======== GIVEN ENTRIES ========
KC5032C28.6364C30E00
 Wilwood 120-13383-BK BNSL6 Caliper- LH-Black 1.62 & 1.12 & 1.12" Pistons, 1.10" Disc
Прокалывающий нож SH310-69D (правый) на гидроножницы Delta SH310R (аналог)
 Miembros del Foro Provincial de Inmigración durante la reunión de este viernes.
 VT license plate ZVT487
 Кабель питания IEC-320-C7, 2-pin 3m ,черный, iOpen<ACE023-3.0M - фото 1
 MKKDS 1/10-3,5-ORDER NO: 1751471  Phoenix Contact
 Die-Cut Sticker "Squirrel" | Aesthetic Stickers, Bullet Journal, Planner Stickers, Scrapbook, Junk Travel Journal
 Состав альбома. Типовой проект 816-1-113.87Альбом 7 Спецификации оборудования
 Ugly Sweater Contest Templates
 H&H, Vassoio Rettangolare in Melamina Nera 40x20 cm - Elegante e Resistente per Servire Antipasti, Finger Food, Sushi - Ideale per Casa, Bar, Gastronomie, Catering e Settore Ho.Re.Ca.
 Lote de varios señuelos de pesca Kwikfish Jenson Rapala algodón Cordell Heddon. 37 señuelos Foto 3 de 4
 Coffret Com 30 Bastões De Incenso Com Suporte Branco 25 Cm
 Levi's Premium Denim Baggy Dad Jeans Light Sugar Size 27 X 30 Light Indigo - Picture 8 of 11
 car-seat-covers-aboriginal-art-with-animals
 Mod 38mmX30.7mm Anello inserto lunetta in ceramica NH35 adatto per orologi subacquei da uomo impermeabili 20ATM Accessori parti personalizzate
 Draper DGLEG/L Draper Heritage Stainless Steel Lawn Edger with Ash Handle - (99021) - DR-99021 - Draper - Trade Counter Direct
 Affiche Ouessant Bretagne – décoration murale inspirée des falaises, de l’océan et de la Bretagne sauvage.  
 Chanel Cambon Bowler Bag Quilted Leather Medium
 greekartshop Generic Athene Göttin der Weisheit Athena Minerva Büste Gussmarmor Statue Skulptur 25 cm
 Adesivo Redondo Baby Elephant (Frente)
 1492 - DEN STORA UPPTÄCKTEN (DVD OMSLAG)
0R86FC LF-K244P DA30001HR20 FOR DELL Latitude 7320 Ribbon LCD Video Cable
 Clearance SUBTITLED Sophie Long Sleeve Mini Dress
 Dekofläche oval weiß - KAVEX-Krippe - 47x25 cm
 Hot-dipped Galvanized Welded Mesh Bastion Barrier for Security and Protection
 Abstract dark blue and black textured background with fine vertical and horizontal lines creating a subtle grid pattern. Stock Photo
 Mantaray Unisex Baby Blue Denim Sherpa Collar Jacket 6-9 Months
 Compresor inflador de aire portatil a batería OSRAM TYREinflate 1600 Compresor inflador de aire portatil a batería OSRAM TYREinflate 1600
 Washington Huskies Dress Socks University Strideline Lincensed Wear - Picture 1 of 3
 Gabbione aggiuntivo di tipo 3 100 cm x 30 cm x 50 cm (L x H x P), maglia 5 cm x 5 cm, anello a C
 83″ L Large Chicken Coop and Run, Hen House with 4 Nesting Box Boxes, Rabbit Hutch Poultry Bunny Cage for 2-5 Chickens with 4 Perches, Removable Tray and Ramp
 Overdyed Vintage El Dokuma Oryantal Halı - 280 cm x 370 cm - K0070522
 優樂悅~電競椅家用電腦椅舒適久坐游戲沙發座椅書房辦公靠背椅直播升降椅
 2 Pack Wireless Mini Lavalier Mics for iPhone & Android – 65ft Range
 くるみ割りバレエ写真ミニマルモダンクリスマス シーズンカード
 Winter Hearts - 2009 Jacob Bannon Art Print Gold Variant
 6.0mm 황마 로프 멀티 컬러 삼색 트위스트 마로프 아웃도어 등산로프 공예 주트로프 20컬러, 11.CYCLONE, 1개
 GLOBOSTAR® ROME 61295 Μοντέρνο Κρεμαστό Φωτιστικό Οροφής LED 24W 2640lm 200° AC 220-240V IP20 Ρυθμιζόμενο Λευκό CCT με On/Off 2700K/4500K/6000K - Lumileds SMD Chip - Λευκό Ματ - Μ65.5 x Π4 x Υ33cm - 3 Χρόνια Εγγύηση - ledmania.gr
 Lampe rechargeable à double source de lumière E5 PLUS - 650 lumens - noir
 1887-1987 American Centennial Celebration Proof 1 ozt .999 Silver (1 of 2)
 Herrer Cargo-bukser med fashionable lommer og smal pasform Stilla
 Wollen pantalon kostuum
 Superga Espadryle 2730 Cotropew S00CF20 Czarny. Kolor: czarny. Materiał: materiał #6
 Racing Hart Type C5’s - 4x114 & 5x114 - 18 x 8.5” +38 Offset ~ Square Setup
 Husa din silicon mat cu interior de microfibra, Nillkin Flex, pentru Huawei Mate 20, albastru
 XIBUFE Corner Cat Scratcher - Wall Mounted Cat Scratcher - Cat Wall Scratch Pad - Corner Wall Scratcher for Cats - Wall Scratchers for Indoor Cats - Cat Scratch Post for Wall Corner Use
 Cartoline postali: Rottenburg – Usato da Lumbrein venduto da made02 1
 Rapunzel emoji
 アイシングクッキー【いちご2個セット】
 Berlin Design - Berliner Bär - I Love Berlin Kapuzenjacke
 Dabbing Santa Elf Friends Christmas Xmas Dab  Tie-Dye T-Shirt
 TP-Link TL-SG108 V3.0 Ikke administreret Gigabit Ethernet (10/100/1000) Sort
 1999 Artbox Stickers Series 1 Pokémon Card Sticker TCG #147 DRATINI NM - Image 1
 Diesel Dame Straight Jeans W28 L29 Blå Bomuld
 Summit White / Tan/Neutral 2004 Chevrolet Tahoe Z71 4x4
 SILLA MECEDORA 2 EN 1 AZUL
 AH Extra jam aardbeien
========
EXERCISE BRIEF:
Retype all the data exactly, line for line.

YOUR RESPONSE:
KC5032C28.6364C30E00
 Wilwood 120-13383-BK BNSL6 Caliper- LH-Black 1.62 & 1.12 & 1.12" Pistons, 1.10" Disc
Прокалывающий нож SH310-69D (правый) на гидроножницы Delta SH310R (аналог)
 Miembros del Foro Provincial de Inmigración durante la reunión de este viernes.
 VT license plate ZVT487
 Кабель питания IEC-320-C7, 2-pin 3m ,черный, iOpen<ACE023-3.0M - фото 1
 MKKDS 1/10-3,5-ORDER NO: 1751471  Phoenix Contact
 Die-Cut Sticker "Squirrel" | Aesthetic Stickers, Bullet Journal, Planner Stickers, Scrapbook, Junk Travel Journal
 Состав альбома. Типовой проект 816-1-113.87Альбом 7 Спецификации оборудования
 Ugly Sweater Contest Templates
 H&H, Vassoio Rettangolare in Melamina Nera 40x20 cm - Elegante e Resistente per Servire Antipasti, Finger Food, Sushi - Ideale per Casa, Bar, Gastronomie, Catering e Settore Ho.Re.Ca.
 Lote de varios señuelos de pesca Kwikfish Jenson Rapala algodón Cordell Heddon. 37 señuelos Foto 3 de 4
 Coffret Com 30 Bastões De Incenso Com Suporte Branco 25 Cm
 Levi's Premium Denim Baggy Dad Jeans Light Sugar Size 27 X 30 Light Indigo - Picture 8 of 11
 car-seat-covers-aboriginal-art-with-animals
 Mod 38mmX30.7mm Anello inserto lunetta in ceramica NH35 adatto per orologi subacquei da uomo impermeabili 20ATM Accessori parti personalizzate
 Draper DGLEG/L Draper Heritage Stainless Steel Lawn Edger with Ash Handle - (99021) - DR-99021 - Draper - Trade Counter Direct
 Affiche Ouessant Bretagne – décoration murale inspirée des falaises, de l’océan et de la Bretagne sauvage.  
 Chanel Cambon Bowler Bag Quilted Leather Medium
 greekartshop Generic Athene Göttin der Weisheit Athena Minerva Büste Gussmarmor Statue Skulptur 25 cm
 Adesivo Redondo Baby Elephant (Frente)
 1492 - DEN STORA UPPTÄCKTEN (DVD OMSLAG)
0R86FC LF-K244P DA30001HR20 FOR DELL Latitude 7320 Ribbon LCD Video Cable
 Clearance SUBTITLED Sophie Long Sleeve Mini Dress
 Dekofläche oval weiß - KAVEX-Krippe - 47x25 cm
 Hot-dipped Galvanized Welded Mesh Bastion Barrier for Security and Protection
 Abstract dark blue and black textured background with fine vertical and horizontal lines creating a subtle grid pattern. Stock Photo
 Mantaray Unisex Baby Blue Denim Sherpa Collar Jacket 6-9 Months
 Compresor inflador de aire portatil a batería OSRAM TYREinflate 1600 Compresor inflador de aire portatil a batería OSRAM TYREinflate 1600
 Washington Huskies Dress Socks University Strideline Lincensed Wear - Picture 1 of 3
 Gabbione aggiuntivo di tipo 3 100 cm x 30 cm x 50 cm (L x H x P), maglia 5 cm x 5 cm, anello a C
 83″ L Large Chicken Coop and Run, Hen House with 4 Nesting Box Boxes, Rabbit Hutch Poultry Bunny Cage for 2-5 Chickens with 4 Perches, Removable Tray and Ramp
 Overdyed Vintage El Dokuma Oryantal Halı - 280 cm x 370 cm - K0070522
 優樂悅~電競椅家用電腦椅舒適久坐游戲沙發座椅書房辦公靠背椅直播升降椅
 2 Pack Wireless Mini Lavalier Mics for iPhone & Android – 65ft Range
 くるみ割りバレエ写真ミニマルモダンクリスマス シーズンカード
 Winter Hearts - 2009 Jacob Bannon Art Print Gold Variant
 6.0mm 황마 로프 멀티 컬러 삼색 트위스트 마로프 아웃도어 등산로프 공예 주트로프 20컬러, 11.CYCLONE, 1개
 GLOBOSTAR® ROME 61295 Μοντέρνο Κρεμαστό Φωτιστικό Οροφής LED 24W 2640lm 200° AC 220-240V IP20 Ρυθμιζόμενο Λευκό CCT με On/Off 2700K/4500K/6000K - Lumileds SMD Chip - Λευκό Ματ - Μ65.5 x Π4 x Υ33cm - 3 Χρόνια Εγγύηση - ledmania.gr
 Lampe rechargeable à double source de lumière E5 PLUS - 650 lumens - noir
 1887-1987 American Centennial Celebration Proof 1 ozt .999 Silver (1 of 2)
 Herrer Cargo-bukser med fashionable lommer og smal pasform Stilla
 Wollen pantalon kostuum
 Superga Espadryle 2730 Cotropew S00CF20 Czarny. Kolor: czarny. Materiał: materiał #6
 Racing Hart Type C5’s - 4x114 & 5x114 - 18 x 8.5” +38 Offset ~ Square Setup
 Husa din silicon mat cu interior de microfibra, Nillkin Flex, pentru Huawei Mate 20, albastru
 XIBUFE Corner Cat Scratcher - Wall Mounted Cat Scratcher - Cat Wall Scratch Pad - Corner Wall Scratcher for Cats - Wall Scratchers for Indoor Cats - Cat Scratch Post for Wall Corner Use
 Cartoline postali: Rottenburg – Usato da Lumbrein venduto da made02 1
 Rapunzel emoji
 アイシングクッキー【いちご2個セット】
 Berlin Design - Berliner Bär - I Love Berlin Kapuzenjacke
 Dabbing Santa Elf Friends Christmas Xmas Dab  Tie-Dye T-Shirt
 TP-Link TL-SG108 V3.0 Ikke administreret Gigabit Ethernet (10/100/1000) Sort
 1999 Artbox Stickers Series 1 Pokémon Card Sticker TCG #147 DRATINI NM - Image 1
 Diesel Dame Straight Jeans W28 L29 Blå Bomuld
 Summit White / Tan/Neutral 2004 Chevrolet Tahoe Z71 4x4
 SILLA MECEDORA 2 EN 1 AZUL
 AH Extra jam aardbeien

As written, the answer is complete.